___ Information provided

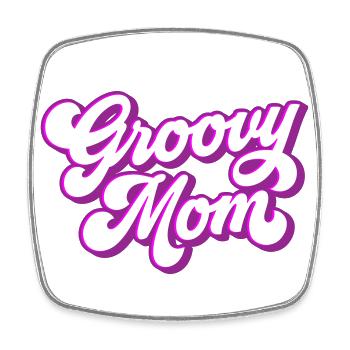 Groovy Mom | Colors can be changed | - Square fridge magnet - white - Front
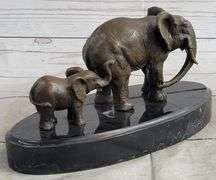 Mother and Child African Elephant Bronze Sculpture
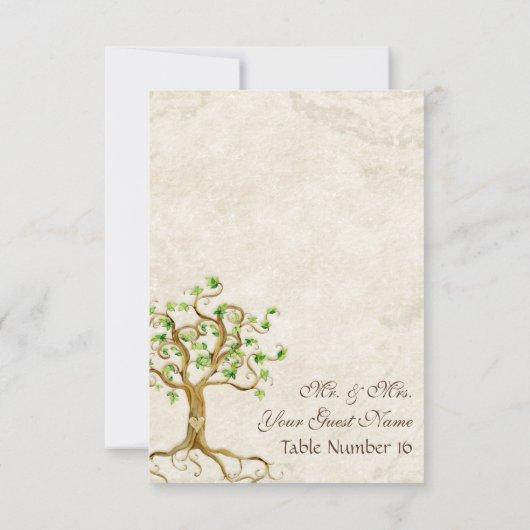 Roots verwirbelte Tischnummer aus antikem Pergamen (Rückseite)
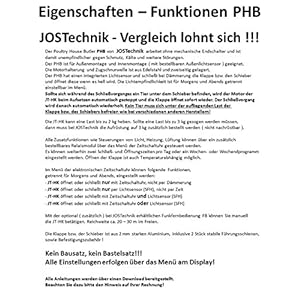 JOSTechnik Poultry House Butler PHB - apriporta per pollaio - con Chiusura per Anatre - 300 x 450 mm - immagine 3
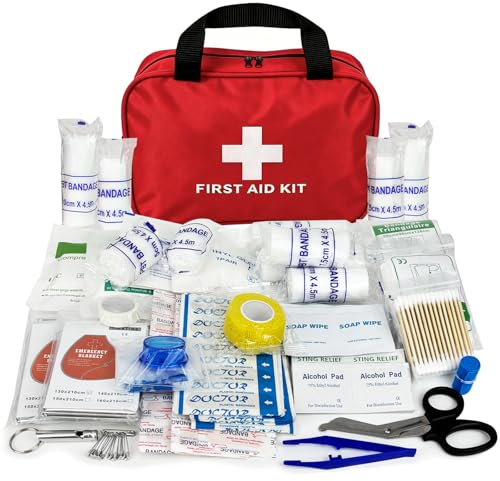 Gokemuak Kit de primeros auxilios botiquin de primeros auxilios 210 piezas, 25x18x8cm kit supervivencia kit emergencia para coche casa lugar trabajo mochila y acampar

______

=== Work order ===
Reproduce word for word only the lines between the line containing "JOSTechnik Poultry House" and the end of the listing above, both included, and drop any pictures.

=== Exercise result ===
 JOSTechnik Poultry House Butler PHB - apriporta per pollaio - con Chiusura per Anatre - 300 x 450 mm - immagine 3
 Gokemuak Kit de primeros auxilios botiquin de primeros auxilios 210 piezas, 25x18x8cm kit supervivencia kit emergencia para coche casa lugar trabajo mochila y acampar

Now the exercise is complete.